Bagi UMKM yang melakukan bisnis pengolahan produk, perdagangan, dan jasa kena pajak seyogyanya mulai membuat pencatatan secara tertib dan teratur. Bilamana omzet penjualan sudah melampaui Rp 4,8 milyar, UMKM tersebut akan dikukuhkan sebagai PKP.

Dengan posisi sebagai PKP, wajib pajak tidak hanya bertanggungjawab atas penghasilan saja tetapi juga harus mempertanggung jawabkan PPN atas barang kena pajak atau jasa kena pajak. Pemahaman jenis barang kena pajak atau jasa kena pajak PPN menjadi tugas yang mendasar dan penting. Apalagi penyetoran dan pelaporan PPN wajib dilakukan setiap bulan.
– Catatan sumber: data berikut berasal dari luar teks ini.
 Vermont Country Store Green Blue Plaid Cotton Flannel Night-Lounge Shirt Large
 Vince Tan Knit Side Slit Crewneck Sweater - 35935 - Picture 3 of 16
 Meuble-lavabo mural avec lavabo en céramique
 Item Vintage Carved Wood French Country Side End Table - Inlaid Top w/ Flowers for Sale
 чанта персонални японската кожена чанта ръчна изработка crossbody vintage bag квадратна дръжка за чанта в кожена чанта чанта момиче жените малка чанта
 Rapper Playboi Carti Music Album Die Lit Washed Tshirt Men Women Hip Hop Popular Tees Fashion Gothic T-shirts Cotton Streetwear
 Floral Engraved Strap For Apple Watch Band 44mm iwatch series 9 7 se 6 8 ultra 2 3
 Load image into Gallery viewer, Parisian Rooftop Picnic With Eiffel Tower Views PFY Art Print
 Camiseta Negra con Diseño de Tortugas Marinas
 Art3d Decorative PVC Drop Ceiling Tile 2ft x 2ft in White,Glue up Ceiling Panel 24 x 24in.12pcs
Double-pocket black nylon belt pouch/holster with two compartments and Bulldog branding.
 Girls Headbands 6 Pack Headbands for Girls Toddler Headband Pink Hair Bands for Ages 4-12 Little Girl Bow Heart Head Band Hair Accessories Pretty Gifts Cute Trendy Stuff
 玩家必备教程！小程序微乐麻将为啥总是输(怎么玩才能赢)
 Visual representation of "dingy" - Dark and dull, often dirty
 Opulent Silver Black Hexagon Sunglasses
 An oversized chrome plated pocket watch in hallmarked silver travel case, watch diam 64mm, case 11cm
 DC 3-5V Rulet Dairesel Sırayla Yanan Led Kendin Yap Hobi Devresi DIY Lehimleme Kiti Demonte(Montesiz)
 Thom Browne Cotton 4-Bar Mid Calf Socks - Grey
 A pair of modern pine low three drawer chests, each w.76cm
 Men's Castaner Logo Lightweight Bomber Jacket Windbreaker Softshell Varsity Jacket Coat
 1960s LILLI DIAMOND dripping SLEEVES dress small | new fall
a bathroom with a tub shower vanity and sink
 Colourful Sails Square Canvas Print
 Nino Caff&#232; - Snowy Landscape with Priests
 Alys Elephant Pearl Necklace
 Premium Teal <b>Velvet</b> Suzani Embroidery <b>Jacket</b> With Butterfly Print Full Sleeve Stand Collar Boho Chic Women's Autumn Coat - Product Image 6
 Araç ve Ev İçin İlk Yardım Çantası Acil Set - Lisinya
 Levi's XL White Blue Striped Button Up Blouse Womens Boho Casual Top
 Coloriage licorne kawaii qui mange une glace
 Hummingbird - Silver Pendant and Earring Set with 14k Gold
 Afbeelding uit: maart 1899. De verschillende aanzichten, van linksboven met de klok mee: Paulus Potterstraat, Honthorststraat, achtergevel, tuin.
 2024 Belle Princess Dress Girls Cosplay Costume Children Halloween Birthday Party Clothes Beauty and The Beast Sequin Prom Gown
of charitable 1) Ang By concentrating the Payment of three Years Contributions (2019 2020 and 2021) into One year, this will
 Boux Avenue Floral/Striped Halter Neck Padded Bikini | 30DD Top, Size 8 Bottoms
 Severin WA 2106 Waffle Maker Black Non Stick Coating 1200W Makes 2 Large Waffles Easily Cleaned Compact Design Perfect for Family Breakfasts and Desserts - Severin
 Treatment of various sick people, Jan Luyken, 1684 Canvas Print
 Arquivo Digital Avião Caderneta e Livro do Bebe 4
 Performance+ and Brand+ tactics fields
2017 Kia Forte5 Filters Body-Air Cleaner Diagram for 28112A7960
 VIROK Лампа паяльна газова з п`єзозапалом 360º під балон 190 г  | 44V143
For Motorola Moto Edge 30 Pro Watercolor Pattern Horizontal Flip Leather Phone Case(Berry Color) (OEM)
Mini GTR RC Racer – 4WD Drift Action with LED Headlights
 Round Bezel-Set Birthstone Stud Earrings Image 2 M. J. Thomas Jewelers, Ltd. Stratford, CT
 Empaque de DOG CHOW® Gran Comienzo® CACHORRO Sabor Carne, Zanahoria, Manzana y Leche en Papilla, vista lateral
Selain itu, UMKM juga harus memungut atau memotong pajak atas penghasilan para karyawannya yang dikenal sebagai PPh pasal 21. Apabila penghasilan karyawan (bujangan) sudah melampaui Rp 5 juta per bulan, maka perusahaan sudah harus memperhitungkan pajak penghasilan yang harus dipungut atau dipotongnya. Pemotongan dan pelaporan PPh pasal 21 ini wajib dilakukan secara bulanan.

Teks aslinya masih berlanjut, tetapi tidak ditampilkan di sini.